#### DATA SUPPLIED:
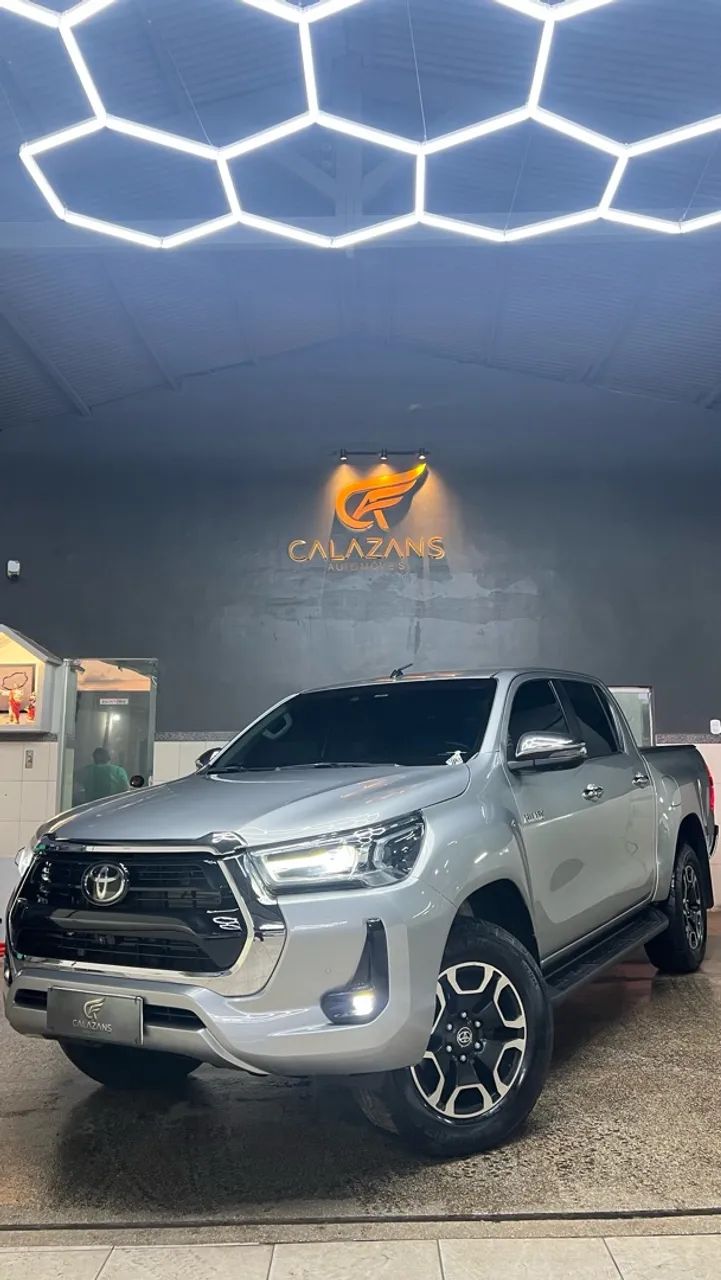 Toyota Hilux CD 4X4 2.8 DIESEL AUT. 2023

---

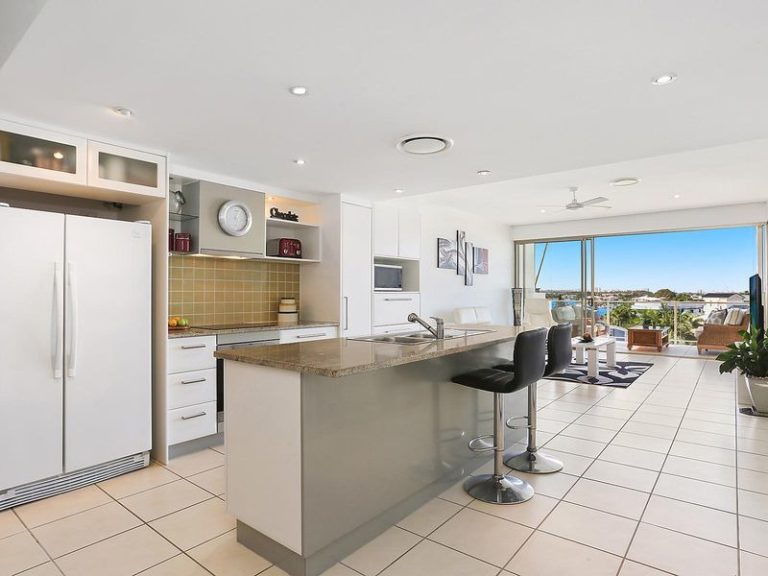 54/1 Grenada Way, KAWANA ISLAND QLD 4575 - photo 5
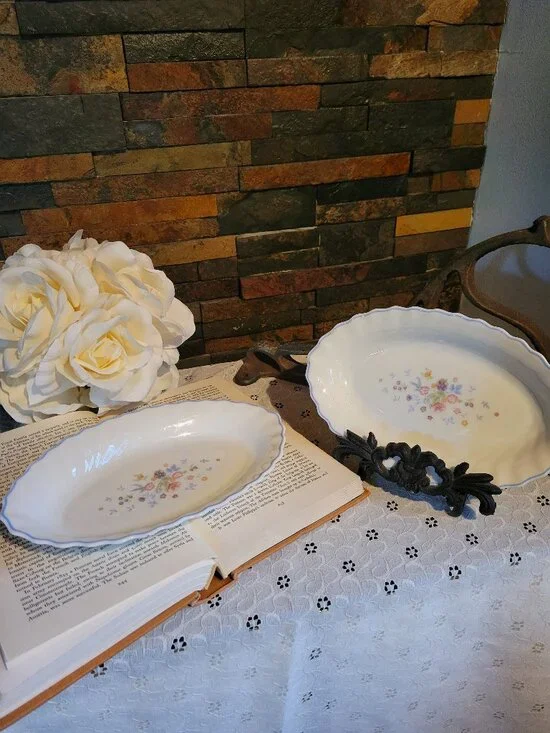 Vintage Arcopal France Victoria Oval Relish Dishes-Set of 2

* * *

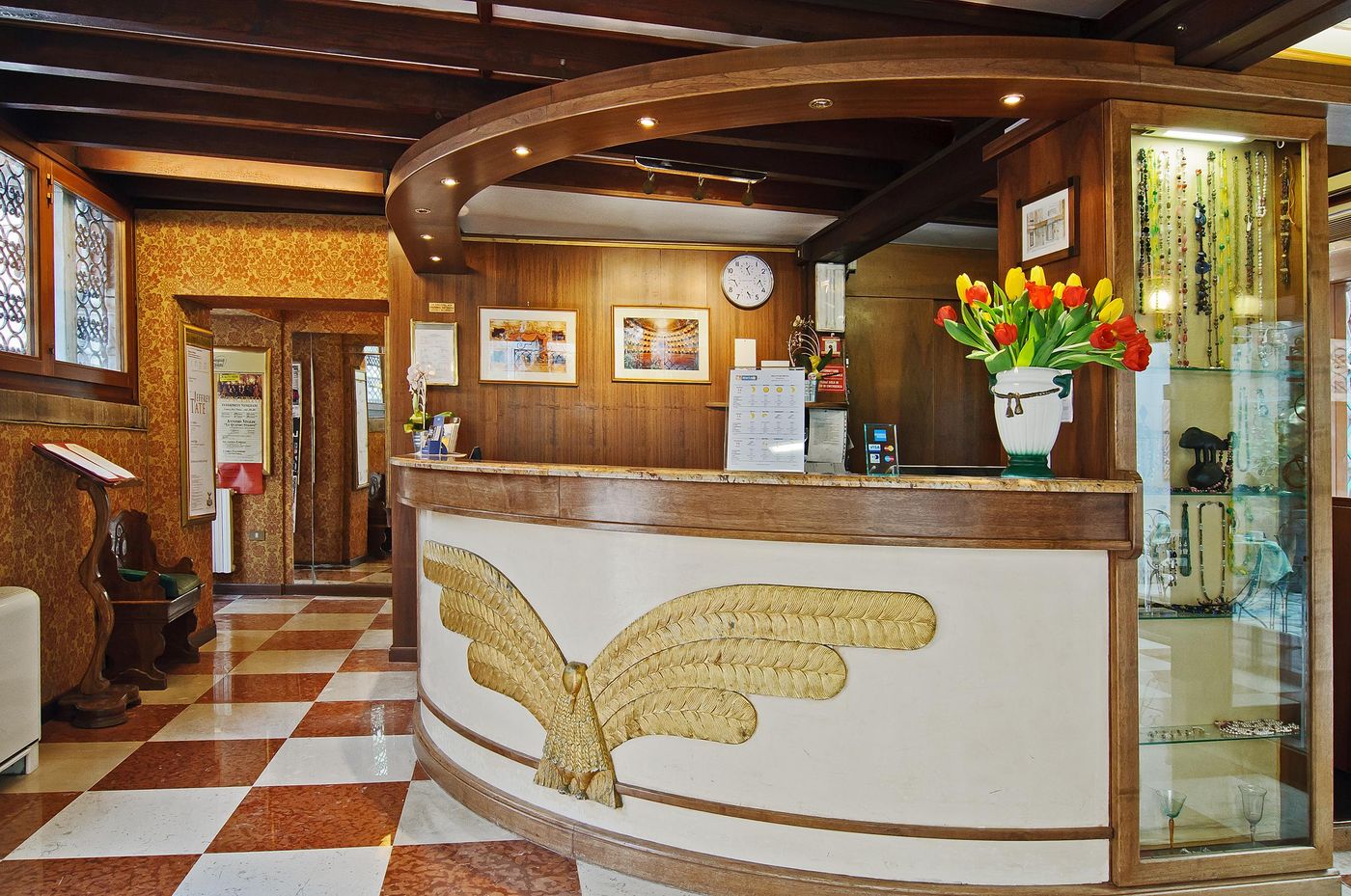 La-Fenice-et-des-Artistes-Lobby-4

#### ACTION ITEM:
Look above for the line with "54/1 Grenada Way, KAWANA" and the line with "Vintage Arcopal France". Output those two and everything between them exactly, pictures excluded.

#### REPLY TO THE EXERCISE:
 54/1 Grenada Way, KAWANA ISLAND QLD 4575 - photo 5
 Vintage Arcopal France Victoria Oval Relish Dishes-Set of 2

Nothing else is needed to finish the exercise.